Gel bakalım Muharrem…

Dile vuran alay… Yüze vuran kibir… Siyasi tarihe kazınan ağır aşağılama… Bilinç altında ne varsa… Bir çırpıda çıkıverdi ortaya…          ...

Dile vuran alay…
Yüze vuran kibir…
Siyasi tarihe kazınan ağır aşağılama…
Bilinç altında ne varsa…
Bir çırpıda çıkıverdi ortaya…
             ***
Erdoğan’ın “Kardeşim Abdullah Gül” samimiyetinden eser olmayan…
Nezaketin ‘n’sini bile barındırmayan…
Zoraki, isteksiz…
Kalpten değil, ağızdan yapılan bir siyasi şovdu izlediğimiz…
Kılıçdaroğlu’nun, “Gel bakalım” diye sahneye çağırdığı Muharrem İnce de altta kalmadı…
Mikrofonu eline alır almaz, genel başkanın sahnede olduğunu umursamadan, ses tonunu Kılıçdaroğlu’ndan bir üst seviyeye çıkarıp, uzunca bir konuşma yaptı.
Sahnede epey mikrofon bekleyen Kılıçdaroğlu, sonunda gitti yerine oturdu.
Şimdilik bu kadar sayın seyirciler…
Şovun devamı, 24 Haziran’dan sonra…
“Muharrem İnce, gel bakalım”ın cevabı “Haydi güle güle Kılıçdaroğlu” olacak mı bakalım...
 
 
 
****************
 
Kılıçdaroğlu, rakibinin kazanmasını ister mi?
 
Bu soruyu şöyle de sorabiliriz;
Kazanma ümidi olan, ülkeyi beş yıl tek başına yönetsin diye, parti içindeki en büyük rakibini aday yapar mıydı?

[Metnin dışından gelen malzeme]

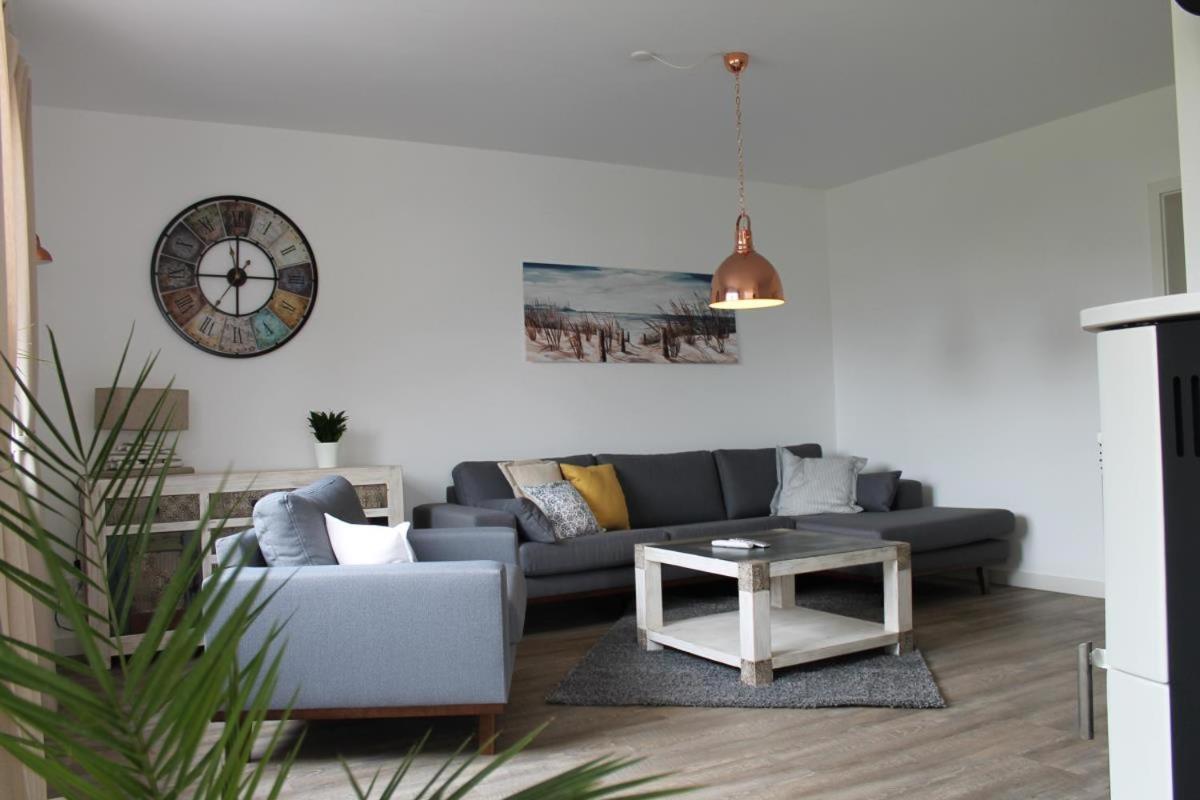 Ferienhaus Finja In บอร์น ภายนอก รูปภาพ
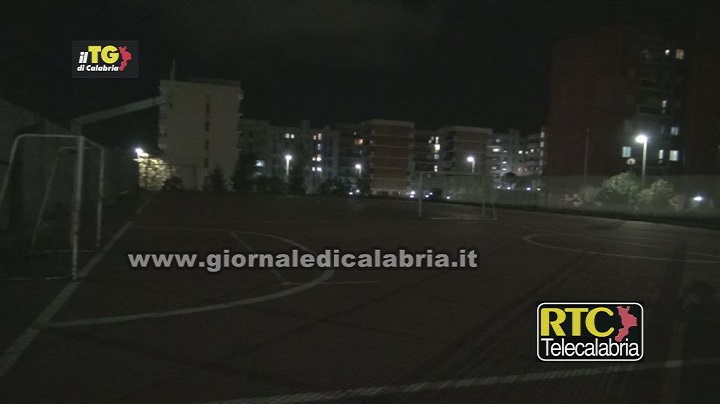 Catanzaro, campetto sportivo al buio in località Corvo (FOTO)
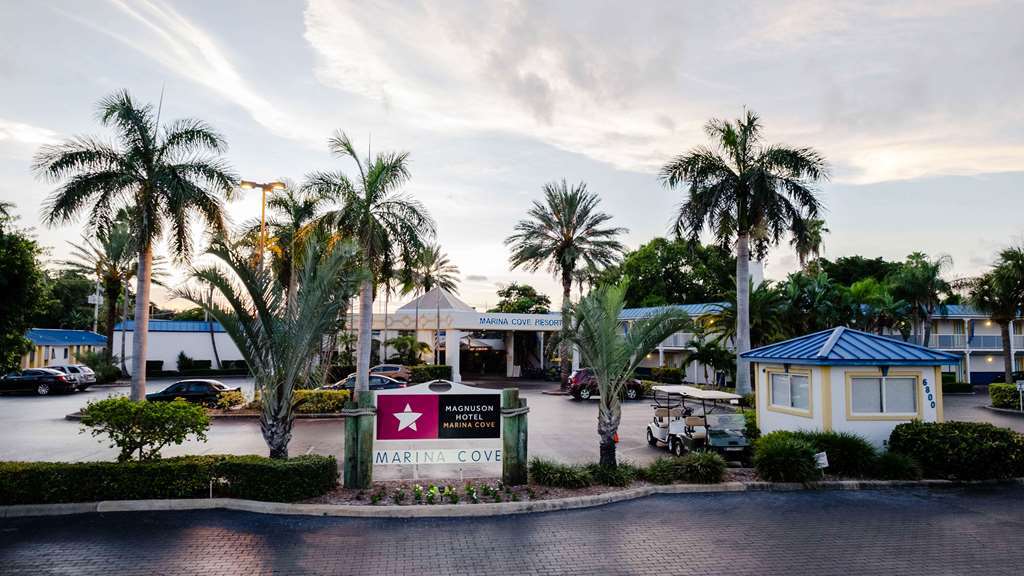 Magnuson Hotel Marina Cove Sankt Petersburg Exterior foto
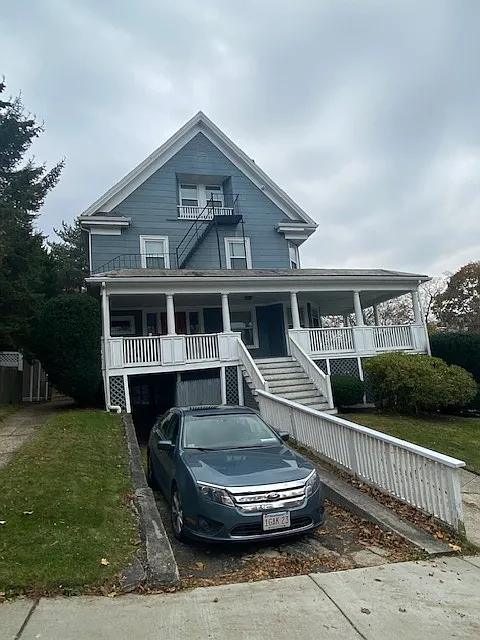 85 Grandview Ave
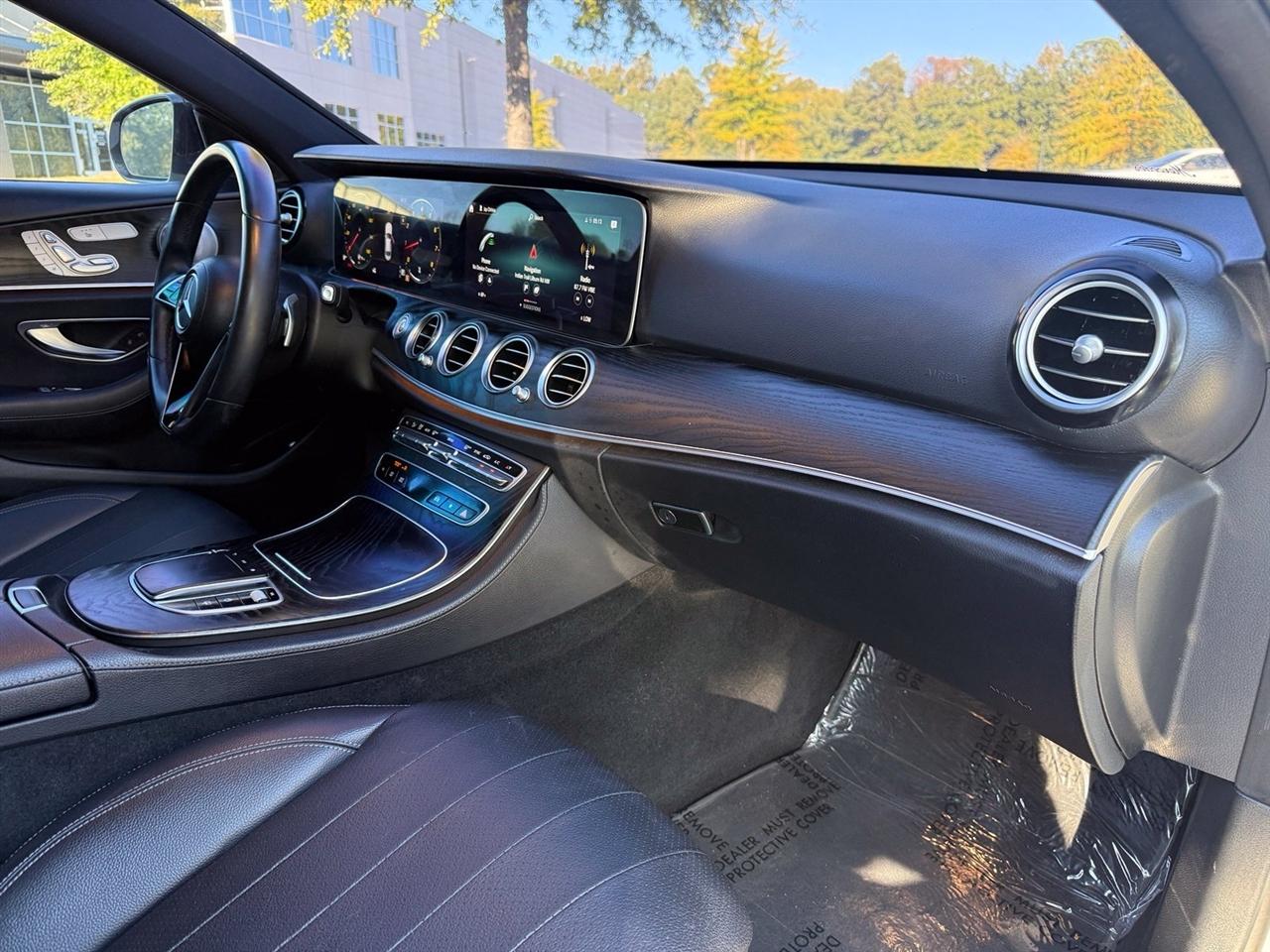 Mercedes-Benz E-Class  2022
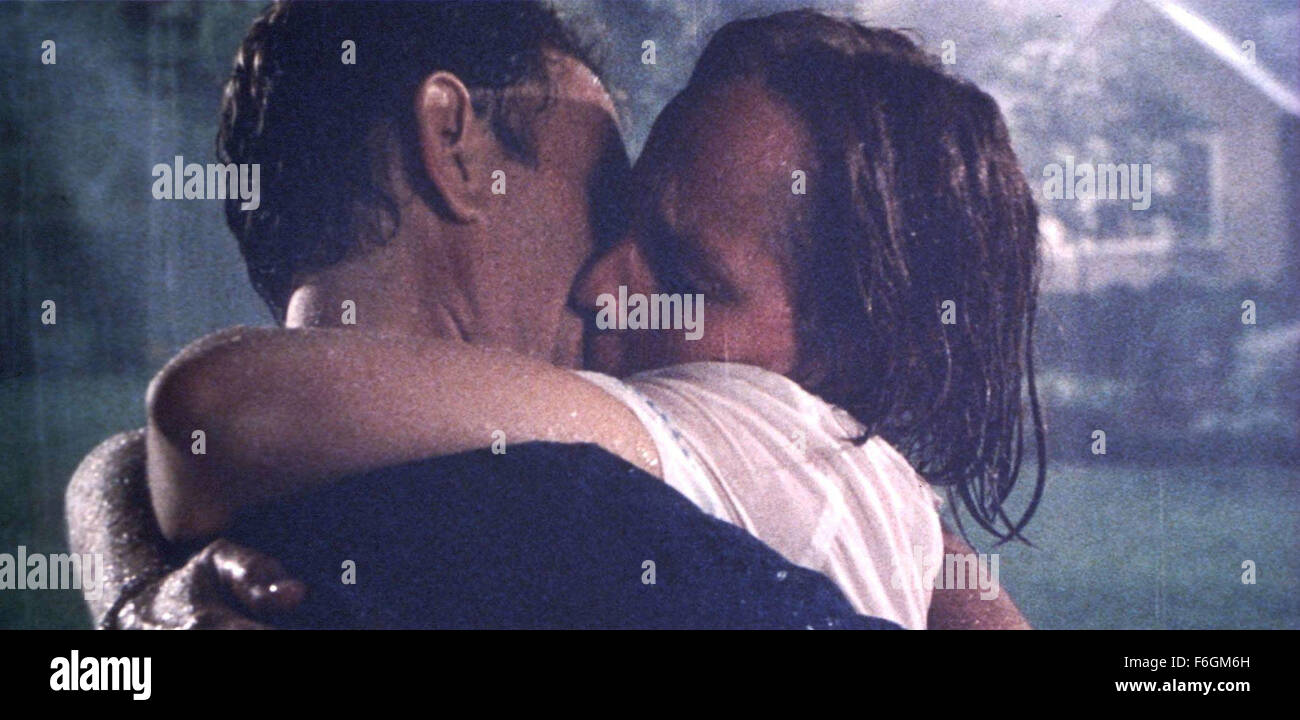 15. November 2000; Hollywood, Kalifornien, USA; TOM HANKS & HELEN HUNT in "Cast Away"...  (Bild Kredit:) Stockfoto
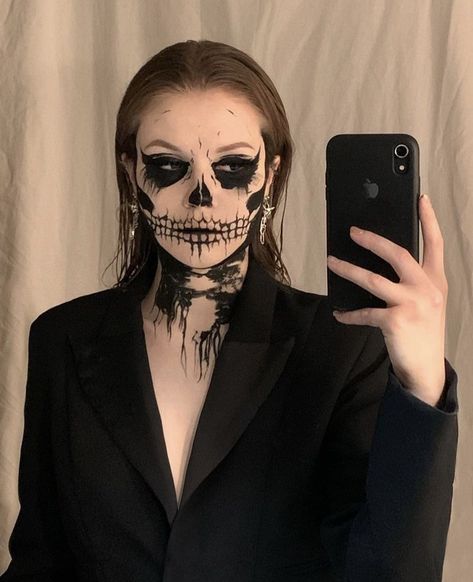 Skull Face Makeup, Vampire Bride, Skeleton Face, Skeleton Halloween Costume, Skeleton Makeup, Horror Makeup, Halloween Makeup Inspiration, Halloween Makeup Easy, Face Painting Halloween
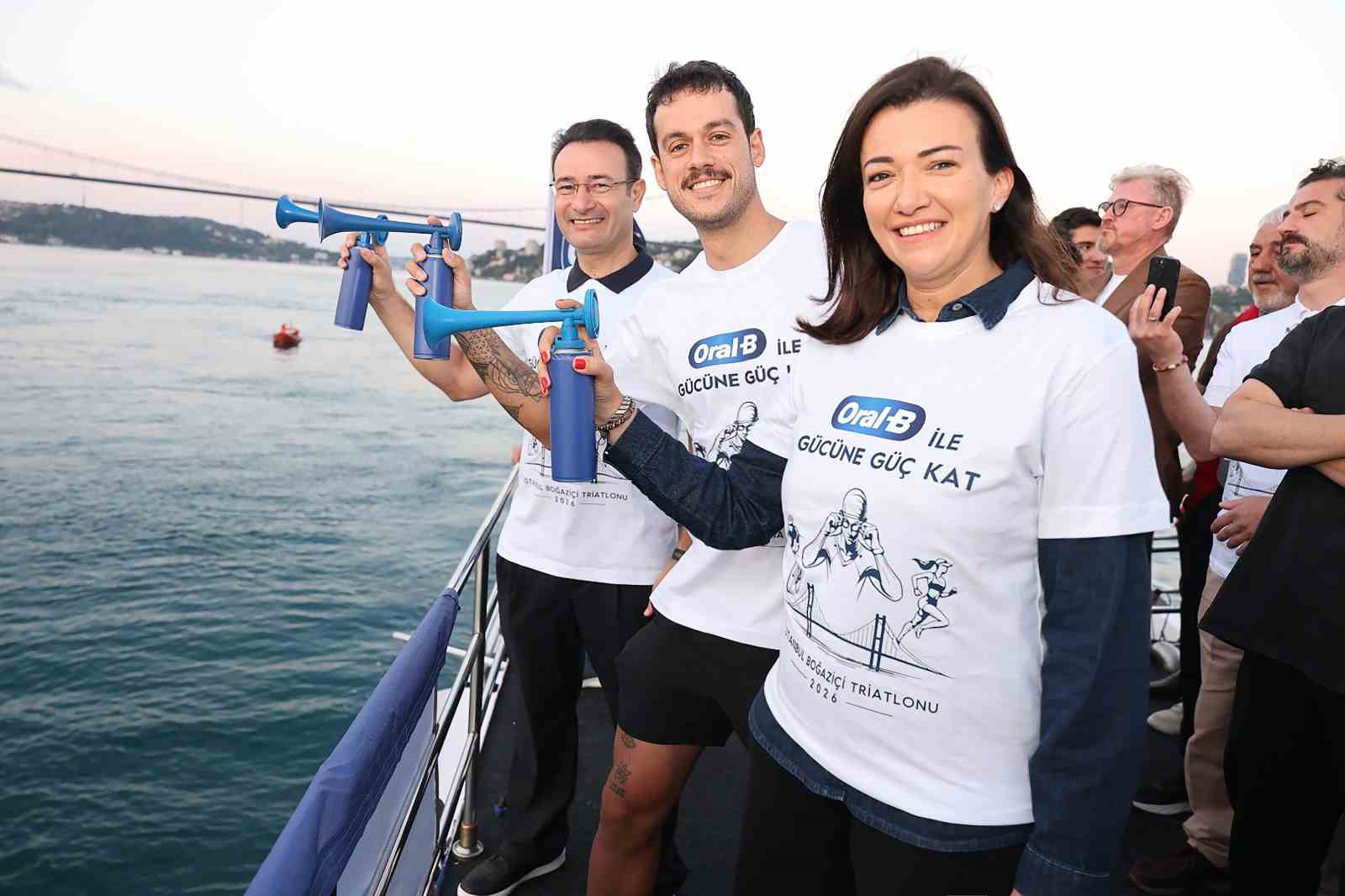 Dünyanın ilk ve tek kıtalararası triatlon heyecanı İstanbul’da yaşandı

Hele ki, kasetle geldiği için güçlü şüpheler üzerinde dururken…
FETÖ ile iş birliği bulgularının, ileride başını ağrıtma riski varken…
Militan tipleri partisine yönetici bile yapıp ‘tek adam’lığını pekiştirmişken…
HDP çizgisine kaydığı için, eski tüfek CHP’lilerin hedefine girmişken…
Yani, parti içinde amaçlarına neredeyse ulaştığı, koltuktan düşmesi hâlinde ise başının çok ağrıyacağı icraatları ortadayken…
Böyle bir risk alır mıydı?
             ***
Biliyorum ki, CHP tabanı bu tercihten memnun…
Ama hepsi bu kadar…
Peki yüzde 50+1 hedefi n’oldu?
CHP, parti genel başkanlığına layık görmediği bir isme, Türkiye’yi 5 yıl tek başına yönetme yetkisini nasıl isteyecek şimdi?
Şahsi kanaatimi belirteyim…
Muharrem İnce, CHP için Kemal Kılıçdaroğlu’ndan daha ehven bir isim…
Kılıçdaroğlu’nun oluşturduğu dükalığı yıkıp, partinin başına geçebilse, daha fazla kabul göreceği kesin…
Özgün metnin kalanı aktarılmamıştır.